On claims of a north-south split in the Black Caps dressing room
"We've built a healthy culture," Southee said in response, while not outright denying there might have been an issue.
"It hasn't been easy but Brendon McCullum was a big leader in that and Kane Williamson has followed that on.
"We see more of each other than our own families. It can be tough, stuck in a foreign part of the world, restricted in what you can do. Things can get uncomfortable with certain people.
"When I think back to various other environments I've been in, it gets back to whispers, things don't get solved, and that's when cracks start appearing.
"But now if someone has got something they don't agree with, they can have that discussion. Not every issue, but most of them.
"The side is as strong as it has ever been...we have robust discussions and it always comes back to what is best for the side."
On Gary Stead's decision to drop him for January's test in Sydney
Southee declined to say what reason the coach gave him for the decision. The pair would have to agree to disagree, he said.
"Any time you are left out, it bloody hurts," he said.
"It was about not showing my disappointment to the group.

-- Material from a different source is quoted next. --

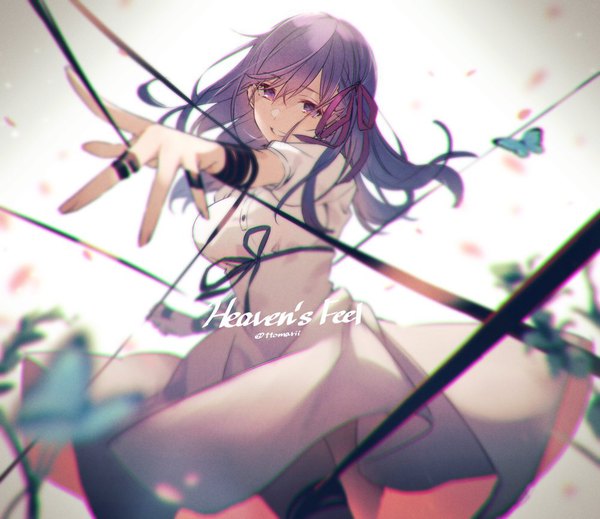 Anime picture 1000x866 with fate (series) fate/stay night matou sakura tomari (veryberry00) single long hair looking at viewer fringe smile hair between eyes white background purple eyes purple hair depth of field copyright name floating hair outstretched hand walking anaglyph bondage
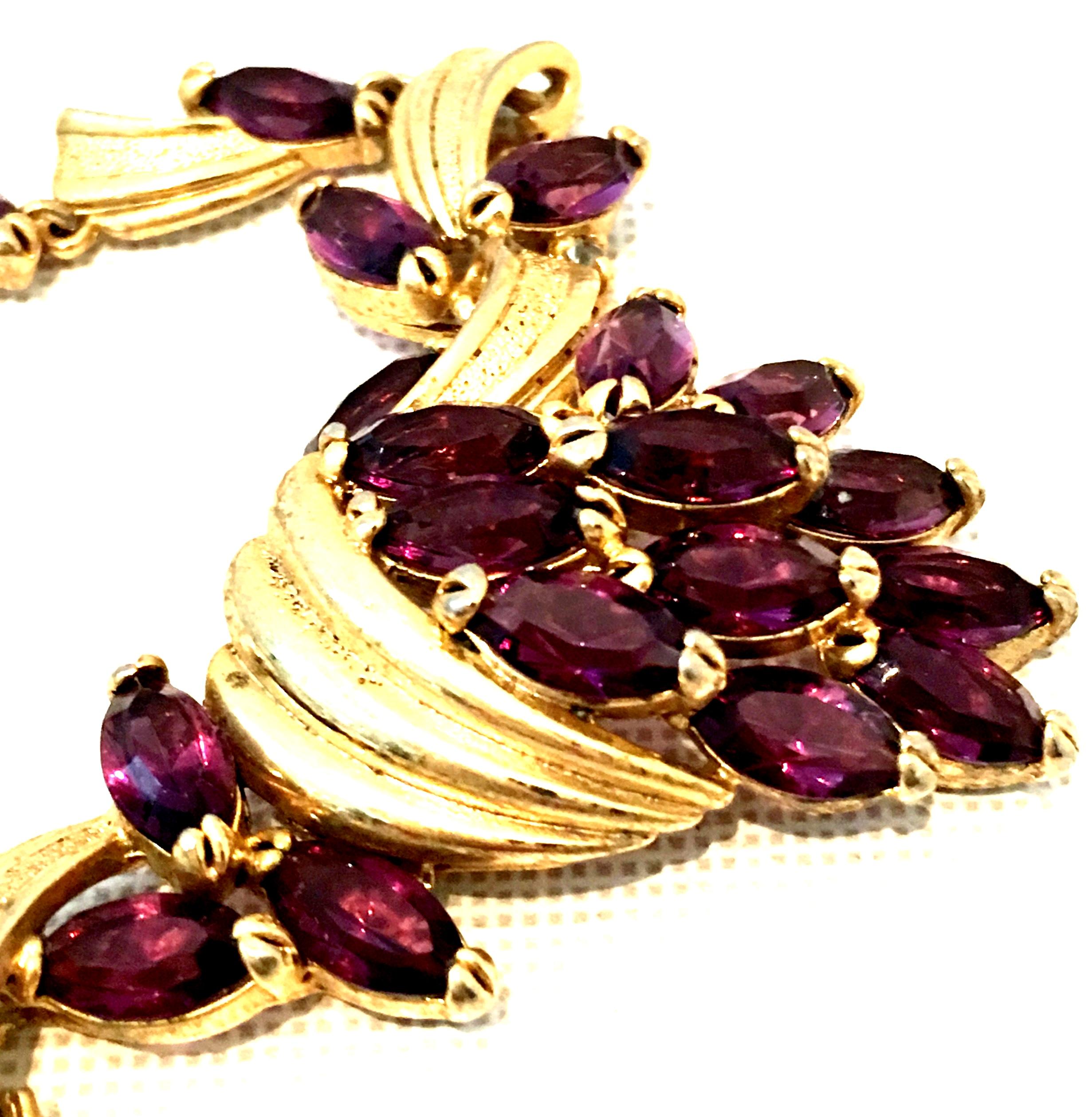 Mid-20th Century Art Nouveau Gold & Austrian Crystal Choker Link Necklace For Sale 1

The last thing they needed was a senior guy kicking cans.
"We had a number of discussions about it and you've got to respect the coach's decision. I had to stomach it and move on.
"But it hit especially hard because I felt I was taking a few wickets leading into that game. I didn't see it coming."
On fielding in the slips
Southee said former captain Brendon McCullum surprised him on the field during a test against England at Eden Park in 2013.
Southee had never fielded in the slips cordon, even at junior level, or even practiced there.
Troubled by a hamstring injury, McCullum quit the cordon and told Southee to jump in.
He soon had his first victim, a nice catch off Ian Bell's bat, from Wagner's bowling.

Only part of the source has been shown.